Whether we are pastors or teachers or congregational lay leaders, we are storytellers who invite others to participate in a drama that matters. During our “productions,” some of the chapters of the story are read aloud as we listen for the Word. At other times, we sing “the old, old story of Jesus and his love.” In the proclamation of the Word, the story is expounded upon and reexamined yet again for hints as to the living of our personal narratives. Holy Communion opens in the liturgical traditions with a Great Thanksgiving or a grand récit. It is our big story. It begins with creation and continues with the saints singing forever and ever amen. We remember the story of how our Lord took bread and broke it, and then we reembody that story so that we might become bread broken for the world and redeemed by his blood. Even in the rites of baptism, whether young or old, whether sprinkled or immersed, we are doing nothing less than weaving the story of an individual into the fabric of all those who have gone before us. It is a story of adoption and naming and grace and love.

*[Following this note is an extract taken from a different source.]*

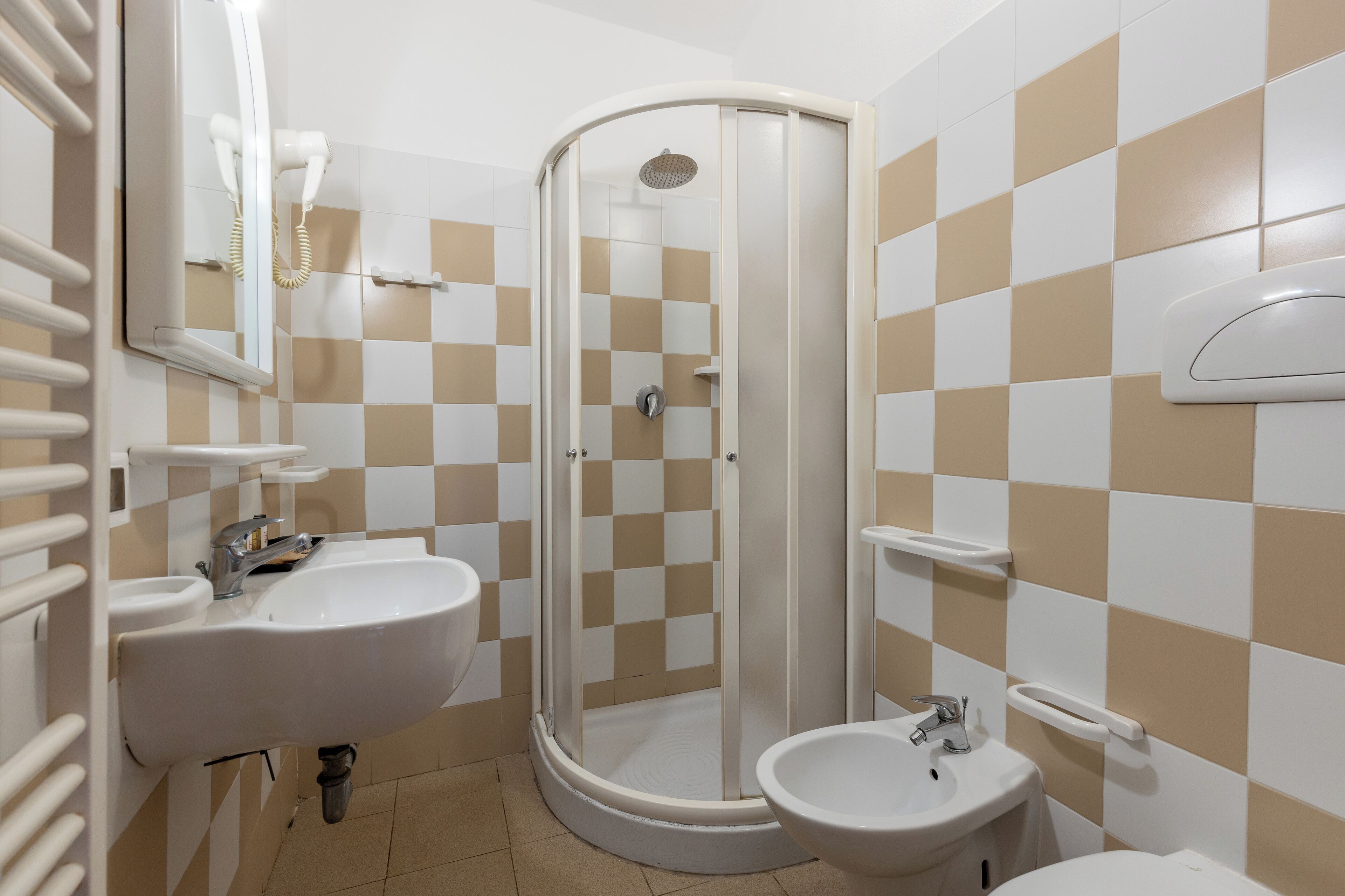 A bathroom with a shower, sink, and bidet.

This is our story. Our responsibility as congregational leaders is as simple as it is daunting: we are to help others live into our Christian stories, so that they might become part of the story; so that they might become a living, breathing sacrament of God’s grace.
Yet it is not just our faith communities who need to hear our foundational stories. Many Gen Xers and millennials believe the story of the church is one of hypocrisy, judgment, and irrelevancy. When asked about their religious affiliation, a growing number of young people respond by saying “none.” Their doubts about the institutional church notwithstanding, “nones” still hunger to be part of something larger. They still want to find their place in a story that matters. They still need to be reassured. Luke’s story is one where the poor, women, lepers, Samaritans, and other toys from the Island of Misfit Toys come to know that they too belong to the kingdom of God. There is not only room but a need for such a gospel of mercy in our world.

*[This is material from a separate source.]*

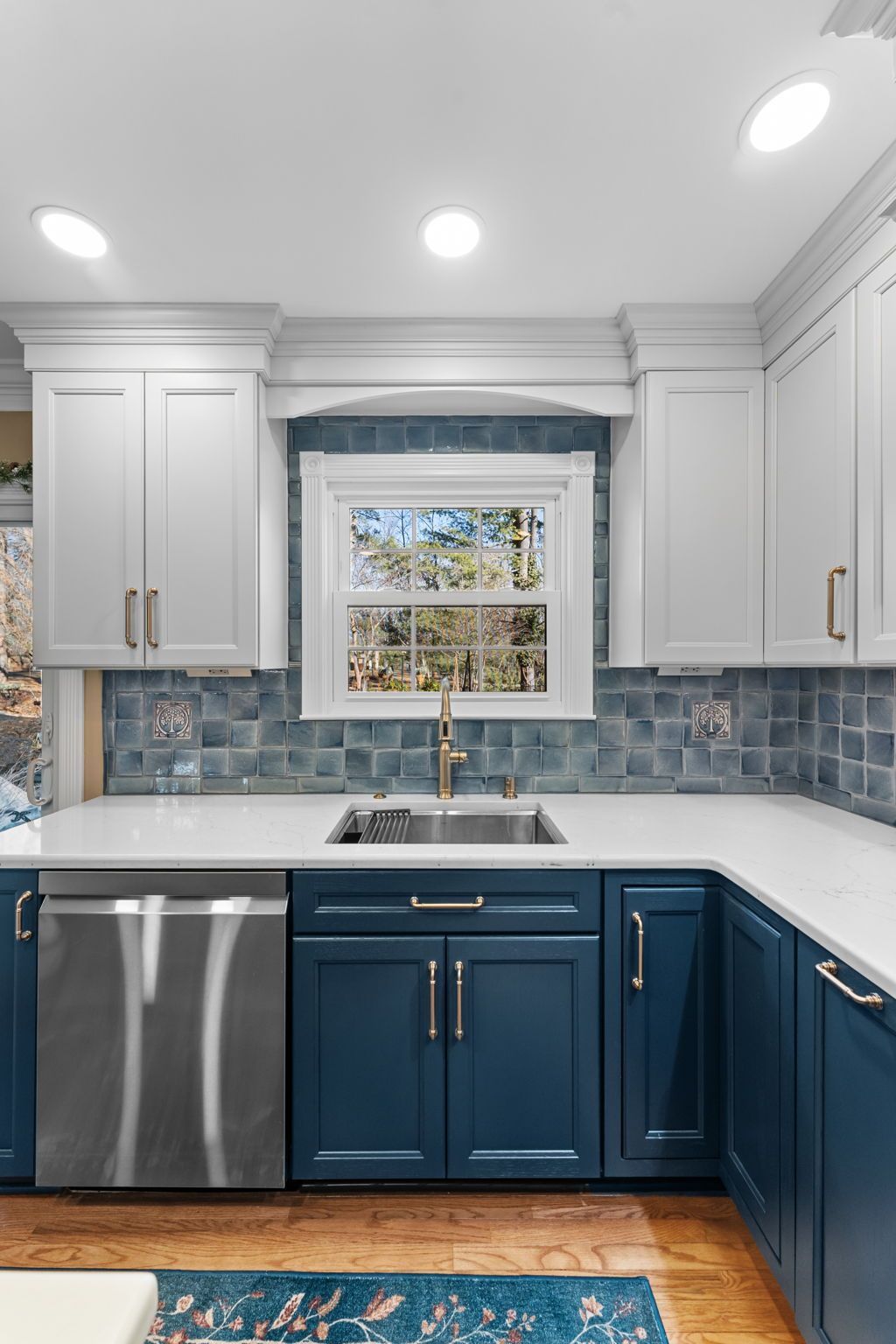 Modern kitchen with white upper cabinets, navy lower cabinets, and a window above the sink  In Bucks County PA  In Bucks County PA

We live in a time when many of our congregations are hurting. Many of us are leaching members, some generations have all but disappeared from our pews, and we are unsure about how to fund our ministries. There is a yearning for the glory days of yesterday that are no more. In the midst of such change, our congregations need reassuring. So what will happen? How can the tide be turned? The answers are not clear. Perhaps we need to spend less time talking about doctrinal differences and more time sharing stories. Tell Luke’s story; tell our story; tell your story: tell the story of God’s redeeming love through which we make sense of the chaos of the world. After all, there was a time when Christianity was spread, not through force or coercion, but through the fascination and awe of a story. Whether we can rediscover and foster again such wonder may say much about the chapters that we have yet to write.
When we share our stories with others, we become part of their stories, and they become part of ours. Once Theophilus heard Luke’s story, he became part of that same story. What are the stories of and in your community? What stories have been forgotten or suppressed? What stories need to be sung aloud? As a congregational leader, how can you help others tell their individual stories, even as you ground them in that grand récit of grace in which we all participate? What stories of reassurance do they need to hear? What stories of challenge need to be uttered? Once upon a time there was a man named Luke …
JAMES R. LUCK JR.
Exegetical Perspective
Luke begins his Gospel (ca. 80–90 CE) with a formal prologue, a literary convention common among historians and other writers of his time. He is the only New Testament evangelist to do so. Matthew commences his narrative with a genealogy that stakes a claim for Jesus as the royal Davidic Messiah, Mark with a one-line heading that launches an apocalyptic tale told with thunder, John with a hymn that celebrates the dazzling glory of the man sent from heaven. The opening in each instance sets down markers of substance and style that inform the whole. Luke mentions his predecessors, alludes to his sources, touts his credentials as a longtime observer of events, acknowledges Theophilus, his patron, and states his basic purpose in writing. The style is elevated, the tone measured and self-assured. We are in the hands of a confident author who invites us, gently, into his narrative world.
Details and Puzzles. For a passage so brief, the prologue is surprisingly full of ambiguities that give rise to interpretive options and questions incapable of being resolved. Luke, for example, informs us that “many” prior to him had written about Jesus. How many we do not know, mainly because there is no way of telling how many writings failed to survive, but also because this sort of statement was common enough that it too may have been a literary convention.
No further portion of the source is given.